Under German law, it is nearly impossible to make changes to pension benefits members have already earned based on their number of work years. Employers have argued that they suffer as a result of this.
Pensionsfonds were given some flexibility to relax minimum guarantees under what has become known as the Lex Bosch law.
More recently, the German government has proposed a pensions reform that would introduce industry-wide pension funds without guarantees, either within existing schemes or new vehicles to be set up by social partners.
Addressing the Dutch pension sector’s objection to having to apply low discount rates for liabilities, EIOPA’s chairman said low rates were “just reality”.
Bernardino, however, sought to put the problems of the Netherlands into perspective by noting that many other countries, contrary to the well-funded Dutch pensions sector, lacked private pensions, adding that “Europe is facing an enormous pensions deficit”.
Bernardino also warned against insurers selling pension products with a guaranteed interest rate for the very long term.

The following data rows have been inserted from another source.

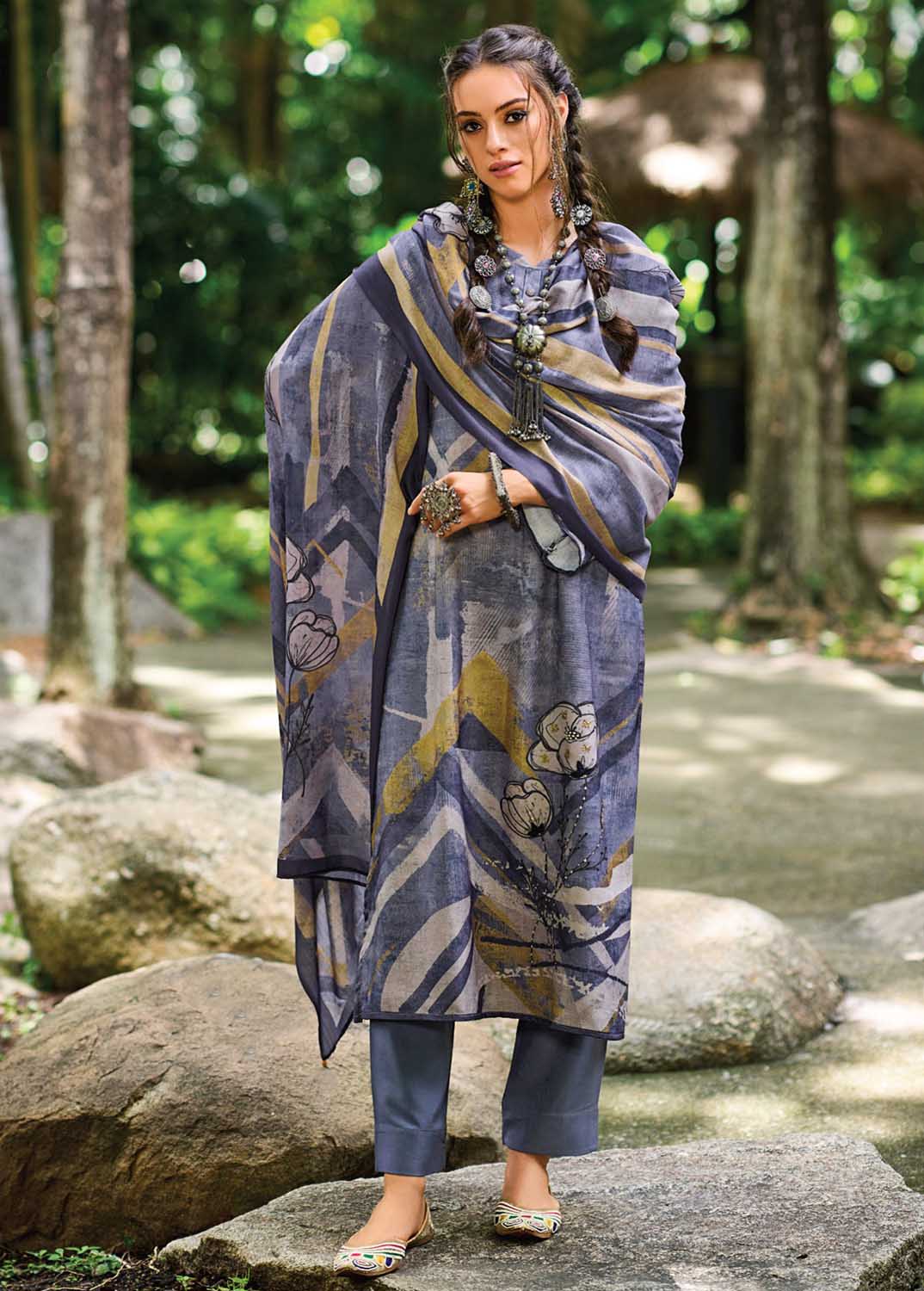 Kilory Pashmina Printed Blue Women Winter Suit Dress Material Kilory Trends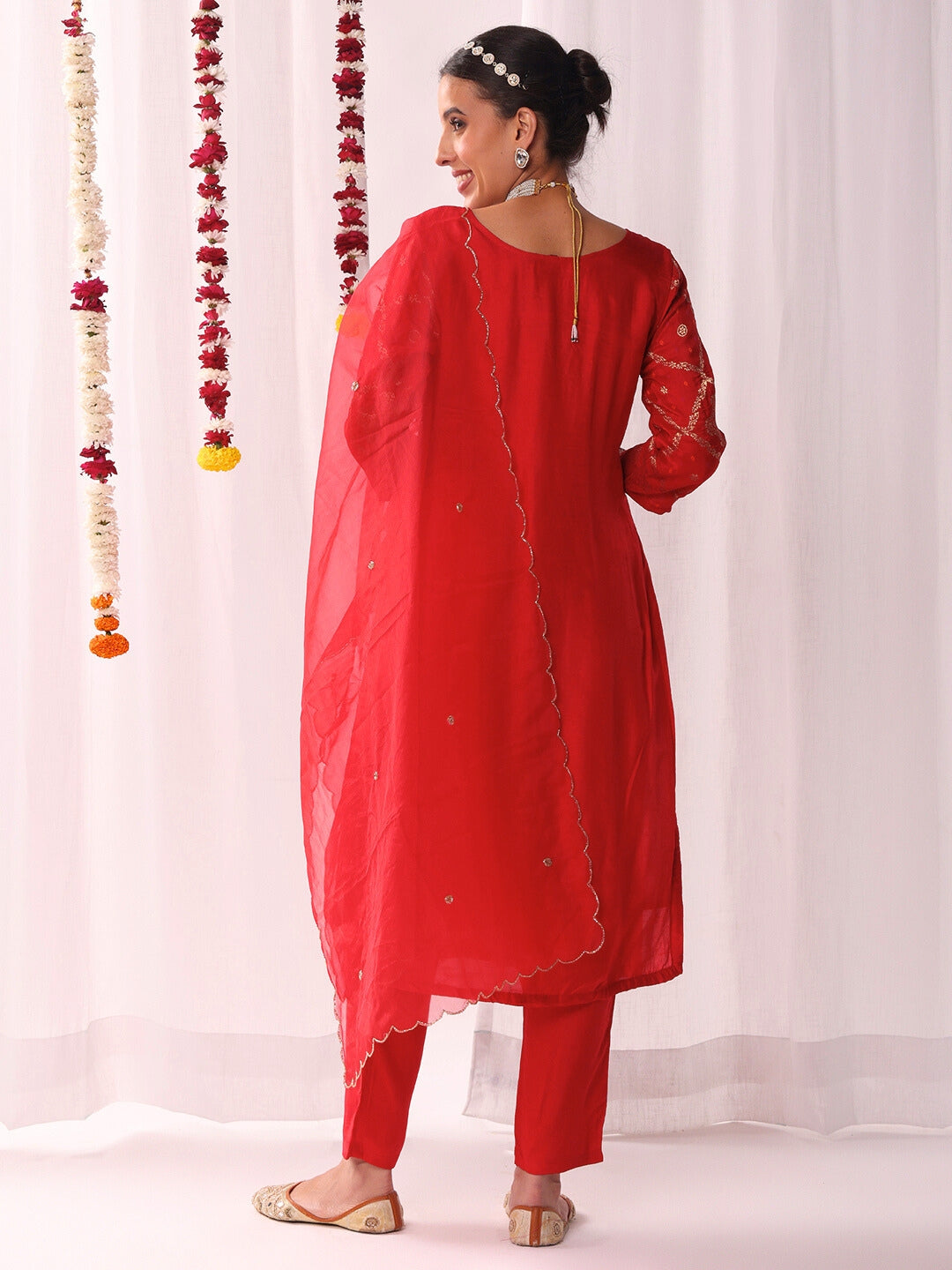 Aari Embroidery Gharchola Woven Kurta Set
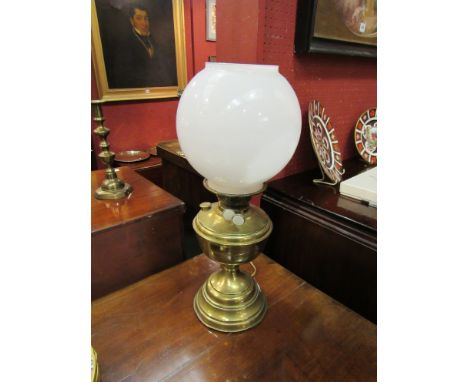 A brass oil lamp converted to electricity 
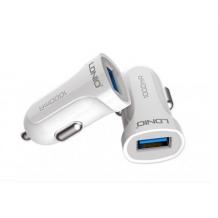 Mини USB зарядно за кола / Mini Smart USB Car Charger Adapter LDINIO DL-C17 DC12-24V 5V/1A 1000mAh - бял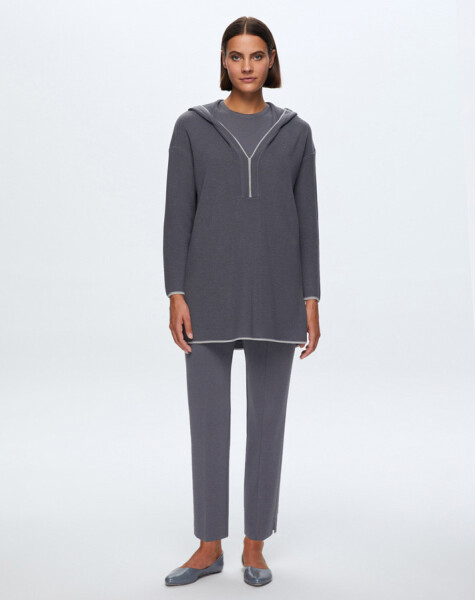 T24K-6004 Selanik Knitted Hooded Tunic - 1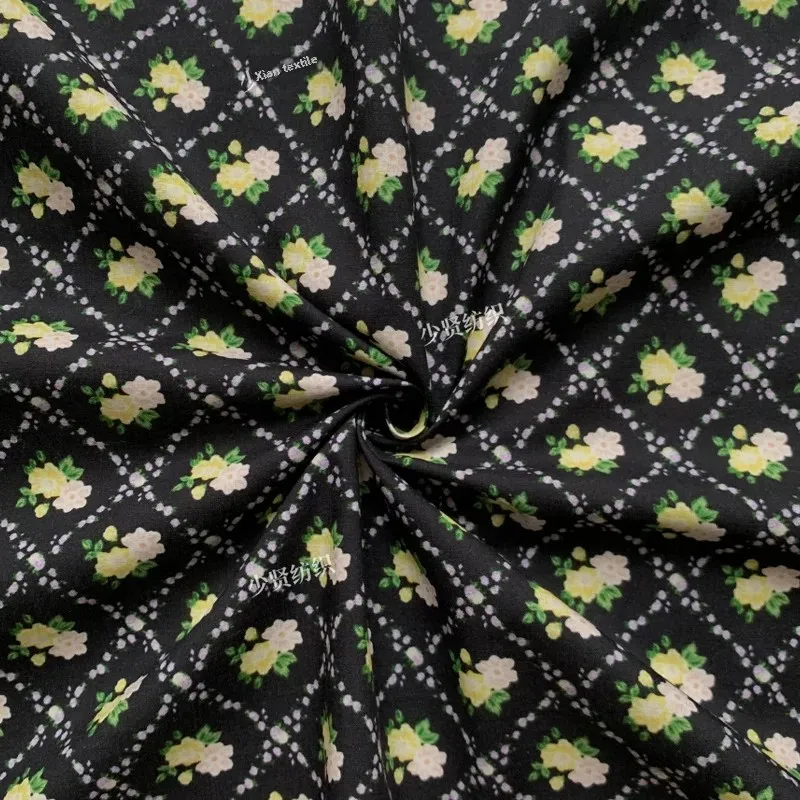 Pure Cotton Digital Printing Fabric Retro French Floral Women's Children's Clothing Material Yardage Baby Accessories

“In my opinion, this is not possible, or sufficiently attractive to clients, in the current economic climate,” he said.
The Netherlands is discussing changing its predominantly defined benefit system into a more sustainable set-up, which is scheduled to come into force from 2020.
At the moment, the Social and Economic Council is weighing the possibility of individual pensions accrual, as well as a “target contract” – with both being combined with collective risk-sharing.
A new government is set to make the final decisions on any new pensions system, following national elections in March.